Escalating tension in Syria is the only option Erdoğan has, as he is no longer able to win support through the usual peaceful means such as a building the economy, providing welfare, the rule of law and a free society.
In the last three years, Erdoğan has attempted to regain support with extraordinary economic measures such as the distribution of cheap credit and aggressive public infrastructure investment. Though some of those populist tactics worked for a while, none provided a solution to structural economic problems such as unemployment and inflation.
Erdoğan’s economic failures cost him this year’s mayoral elections in Istanbul, Ankara and other big cities, suggesting he would lose a general election.
Keenly aware of this, Erdoğan has adopted a strategy of taking extraordinary measures. The Kurdish issue, deeply entwined with the Syria crisis, now seems to be his favourite.
The strategy helps Erdoğan in three ways domestically. First, it weakens the anti-Erdoğan coalition, particularly putting pressure on the nationalist opposition Good Party. A tenser atmosphere on the Kurdish problem is likely to push the Good Party closer to Erdoğan’s position. An escalated crisis over the Kurdish issue could even change the position of the secular main opposition Republican People’s Party (CHP), which has been reaching out to the pro-Kurdish Peoples’ Democratic Party (HDP).

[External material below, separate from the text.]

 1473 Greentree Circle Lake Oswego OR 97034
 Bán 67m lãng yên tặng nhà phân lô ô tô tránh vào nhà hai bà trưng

The second and the more critical effect is more structural. Erdoğan has benefited from the polarisation of politics along the Islam versus secularism fault line. He knows that a political fault line over the Kurdish problem might also help him. Erdoğan could convert tension over the Kurdish problem into a new line of polarisation through which he can consolidate a large constituency.

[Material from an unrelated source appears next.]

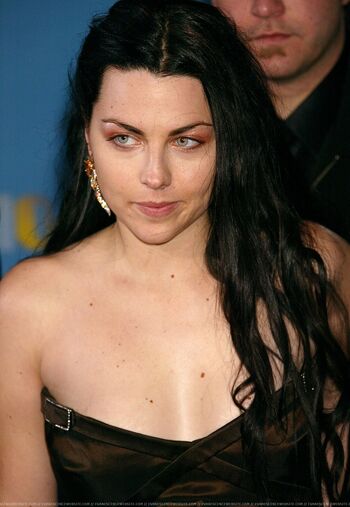 Full leaked Amy lee private onlyfans photo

We are observing the early fruit of this policy. Until the breakdown of the ceasefire between the state and the Kurdistan Workers’ Party (PKK) in 2015, the official narrative on the Kurdish issue was to encourage Kurds to embrace party politics as the only route of political expression. The narrative also aimed to persuade Turks that there was a big difference between Kurds and the PKK.
But now Turkey has changed its official stance on the Kurdish issue. Now the government does not differentiate between the PKK and Kurdish politicians. Thus the HDP is also the target of the government’s attacks. The new strategy has changed the public view of Kurds and many Turks now imagine all Kurds belong to the PKK.
Finally, given that Erdoğan is in a process of creating a new regime, the securitisation of politics through crises such as Syria are an opportunity to consolidate his grip on power.
Erdoğan successfully used his fight with the Gülen movement to transform state institutions like the army and judiciary. His fight with the Gülen movement, which he blames for the 2016 coup attempt, was sometimes backed by secular groups and helped Erdoğan to restructure the state apparatus to do his bidding.
Erdoğan now wants the Kurdish problem and the Syrian crisis to consolidate his state according to his ideological preference. Having reorganised the state, the Kurdish problem could provide him opportunities to fuse the Erdoğanist state and the people.
It is much like the motto “war made the state and the state made war”. Prolonged tension with the Kurds, extended into Syria, would provide Erdoğan time and leverage to consolidate his new regime.